IT WAS absolutely typical of Jonny Bairstow that he should score a hundred on the opening day of the Colombo Test.
So much so, that anyone who did not steal their grandmother’s life savings and head to the nearest bookmaker to bet on him doing so should rightly be imprisoned for stupidity.
Bairstow has made a career out of proving people wrong to the extent that it is a wonder that he has any detractors left.
Whatever challenges have been thrown at him (some far beyond the confines of sport), he has risen to them in a manner that scoffs: “Is that the best you can do?”
He seemed to be saying something similar to the England hierarchy – and to certain sections of the media – as he celebrated his sixth Test century as the tourists scored 312-7 as they chase a 3-0 series clean sweep.
It was a celebration that was passionate at best and angry at worst after Bairstow was left out of the side for the second Test in Kandy after losing the wicketkeeping gloves to Ben Foakes.
It is old news that Bairstow was unceremoniously axed from the batsman/keeper role after an injury playing football kept him out of the first Test in Galle.
But the pent-up emotion was clear after Bairstow reached three figures at the Sinhalese Sports Club Ground, the Yorkshireman letting out several guttural roars with his eyes aflame, his veins bulging out and his face as red as his ginger hair.
Batting at No 3 for the first time (the only position that England felt able to squeeze him in due to captain Joe Root’s reluctance to fill that slot), Bairstow made an instant success of the job.
Even those of us who feel that Root should be batting at No 3 were not remotely surprised that Bairstow should do so; after all, this is a man who has constantly flourished in the face of adversity.
He seemed to be saying something similar to the England hierarchy – and to certain sections of the media – as he celebrated his sixth Test century as the tourists scored 312-7 as they chase a 3-0 series clean sweep.Chris Waters
At the start of his Test career, Bairstow’s critics said that he had problems against the short delivery, that his technique was not up to scratch for the five-day game, only for him to emphatically prove them wrong.
Later, they said that his wicketkeeping was not good enough before he became one of the safest pairs of hands in the game.
Some felt that he was not good enough for England’s one-day side, too, and then, when he finally got his chance in an unfamiliar role as opening batsman, he showed the sort of versatility that he displayed yesterday at No 3.
To think that England left him out at Kandy seems as ridiculous now as it did at the time.
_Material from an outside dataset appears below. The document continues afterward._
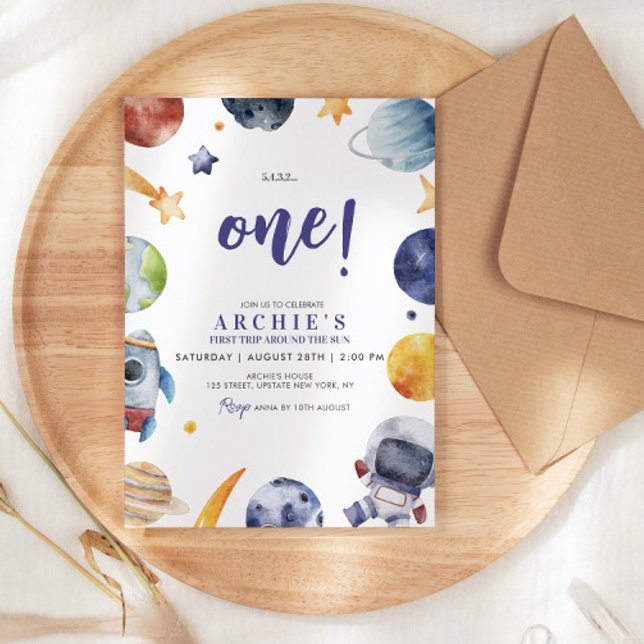 Astronaut Space 1. Reise um die Sonne zum Geburtst Einladung (1st trip around the sun themed watercolor illustration birthday invitation party invite template )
As he pointed out himself: “It was only three Tests ago that I was one of the top-10 batters in the world.”
An England side without Bairstow is not an advert for competent selection.
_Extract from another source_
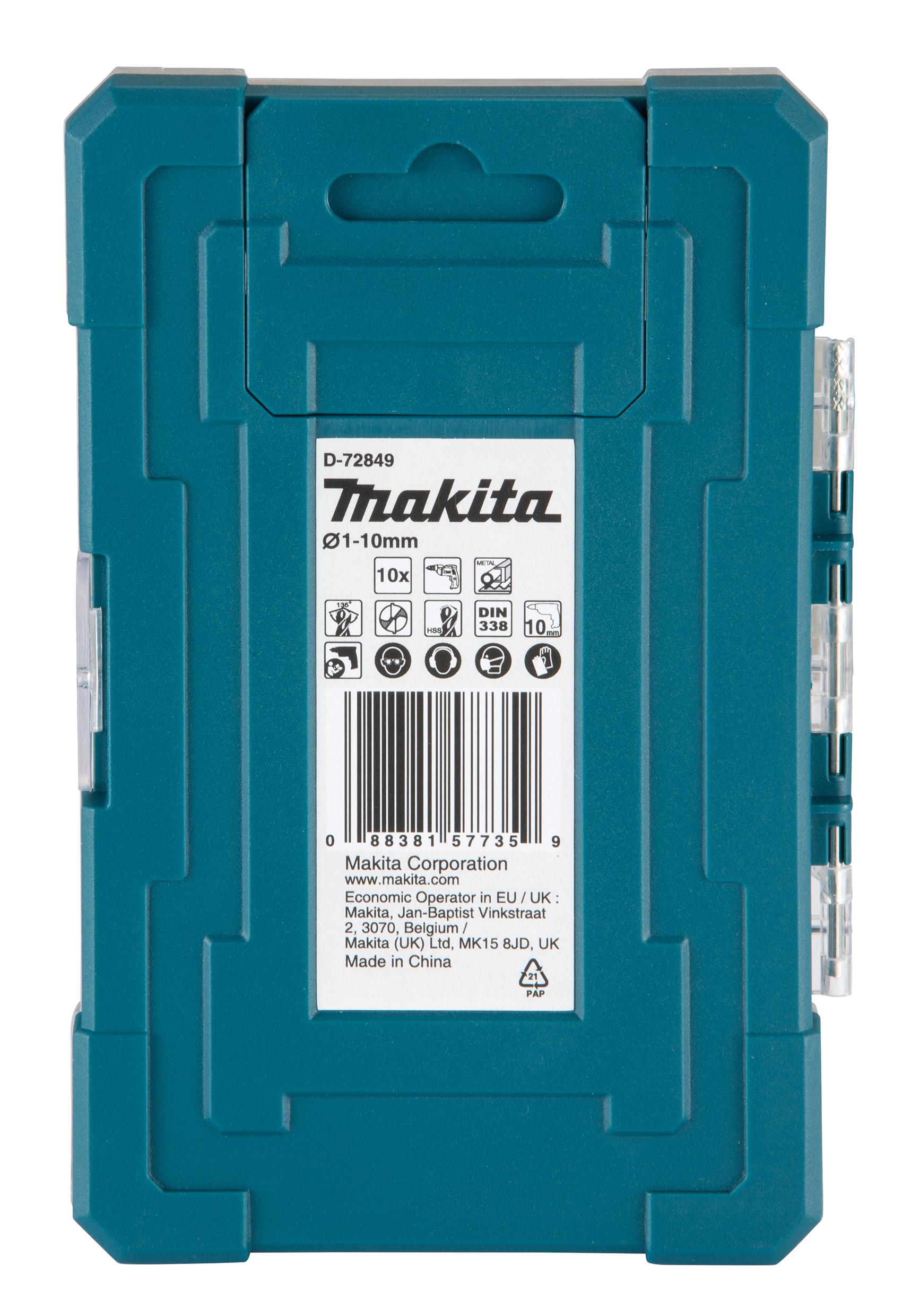 Makita D-72849 HSS鈦金屬鑽頭10件裝(背面)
Even worse, he might not have played in this match had Sam Curran been fit, the all-rounder’s side strain creating a place.
But after Keaton Jennings and Rory Burns fell early, Bairstow took centre stage in a manner that shamed the England hierarchy.
From the moment that he caressed his first ball to the cover boundary, he looked like a man whose body language screamed “I’ll show you”, attacking with customary flair but also in a controlled manner that betrayed his intense desire to succeed.
It was hot out there – the humidity at times appeared to cause more problems than Sri Lanka’s bowlers – and Bairstow sometimes struggled with cramp.
It made his first Test century since March even more impressive, the first by an England No 3 in Test cricket since Root’s 124 against India at Rajkot two years ago.
Bairstow’s hundred celebrations also had echoes of Nasser Hussain’s infamous three-fingered salute at Lord’s in 2002, which emphasised to the watching world that he, too, deserved his place – also batting at No 3.
Whether No 3 is Bairstow’s best position going forward remains to be seen; ironically, he is less likely to get the gloves back if he does well in the role.
It will be a different challenge against Australia next summer, for example, batting against the Dukes ball in England, while a failure for Foakes late on – as England slipped from 235-3 – cautioned that those who have pencilled Foakes in for the next decade have based their conclusions on fairly scanty evidence against lesser opposition.
Bairstow certainly has no intention of relinquishing the gloves permanently (they are, at present, begrudgingly on loan to the Surrey man) and has proven longevity as batsman/keeper.
But no matter how he is treated by the England management, he keeps finding a way to perform, emphasising the fact for the umpteenth time before he was fourth out bowled trying to hit across the line at spinner Lakshan Sandakan, who took 4-91.
England did not get as many runs as they had threatened, although they have still posted a decent score on the board.
Root struck 46 before skying to mid-wicket, sharing 100 with Bairstow, who then added 99 with Ben Stokes, who hit 57 but should have been given out lbw on nought only for Sri Lanka to have earlier wasted their reviews.
Jos Buttler was caught-and-bowled but Moeen Ali and Adil Rashid lived to fight the second day, Moeen having been dropped twice and also given out twice lbw only for those decisions to be reversed on review, putting him just under halfway to enjoying as many lives as the proverbial cat.